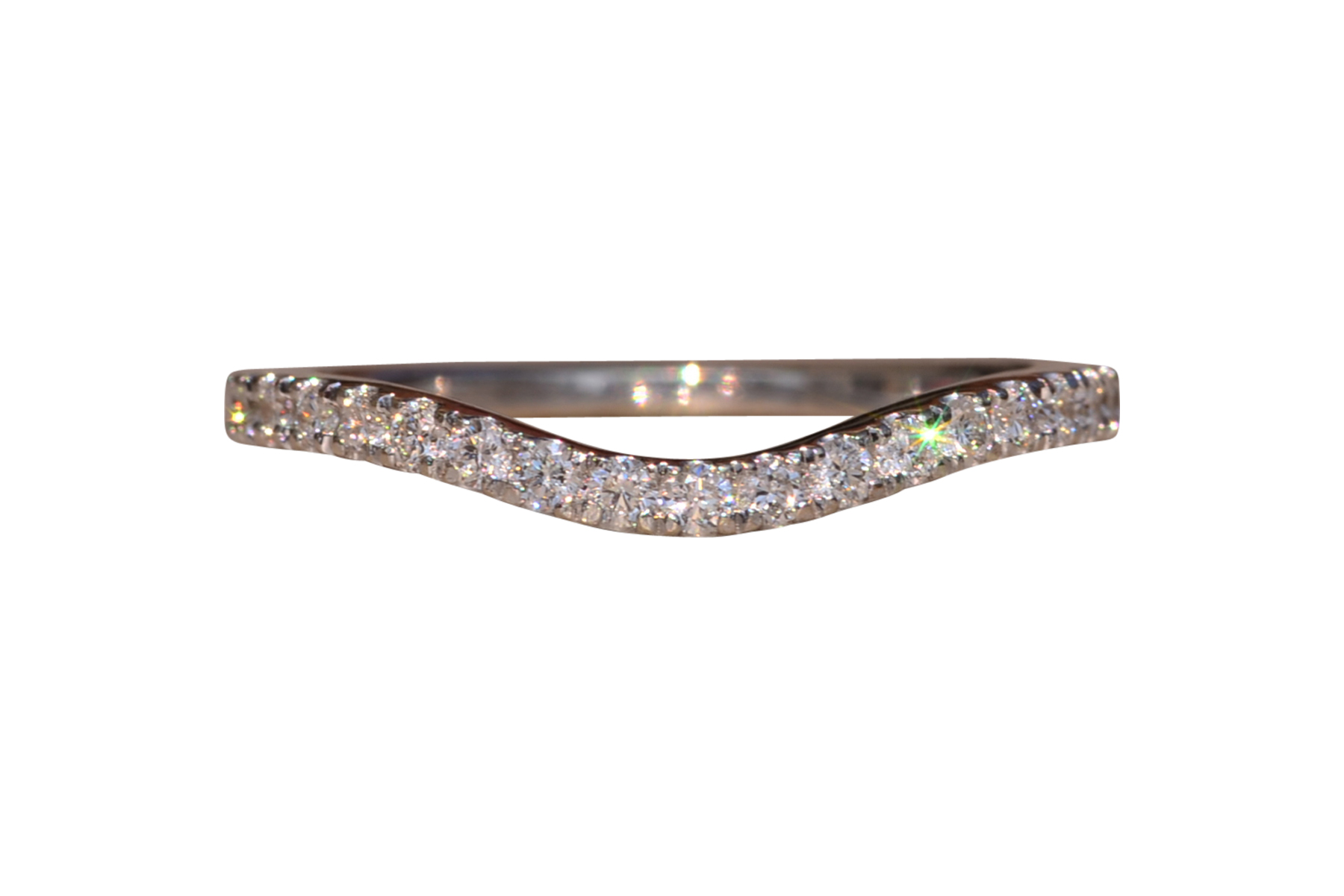 The Hickory Road: Disney Signed Curved White Gold Band set with Natural Diamonds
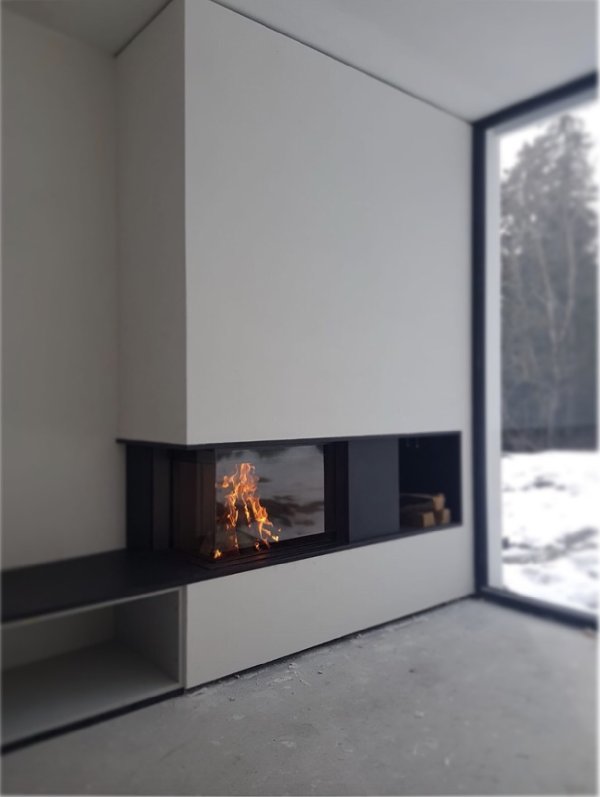 Cheminée d'angle Luna Diamond 900CL - Carron-Lugon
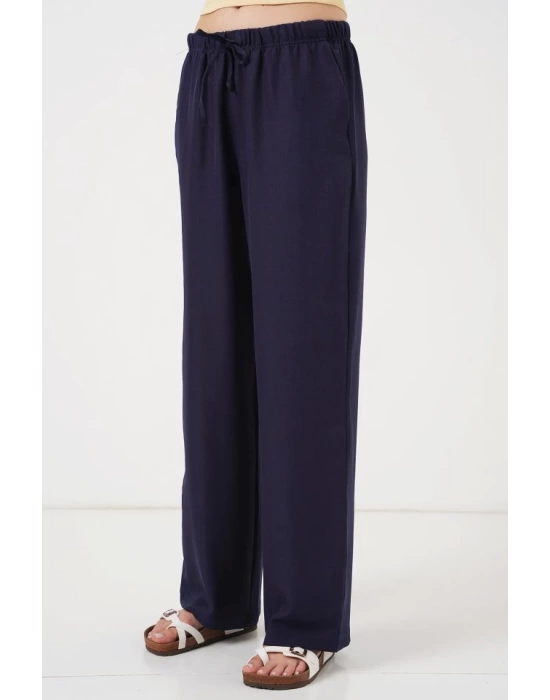 Geniş Paça Keten Pantolon 6735 - Lacivert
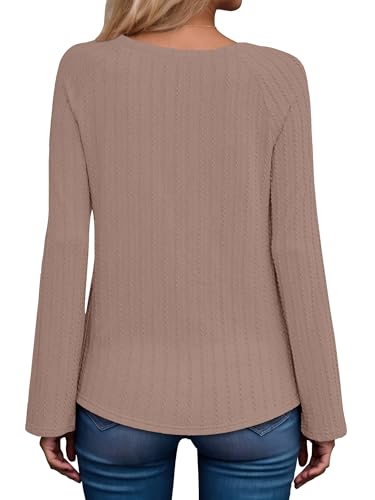 ONLYSHE Womens Shirts Long Sleeve Crewneck Tunic Tops Casual Lightweight Knit Solid Color Sweatshirts Trendy Blouse Basic Tee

▸ Your goal
Without including any picture, write out the material above verbatim.

▸ Exercise answer
 The Hickory Road: Disney Signed Curved White Gold Band set with Natural Diamonds
 Cheminée d'angle Luna Diamond 900CL - Carron-Lugon
 Geniş Paça Keten Pantolon 6735 - Lacivert
 ONLYSHE Womens Shirts Long Sleeve Crewneck Tunic Tops Casual Lightweight Knit Solid Color Sweatshirts Trendy Blouse Basic Tee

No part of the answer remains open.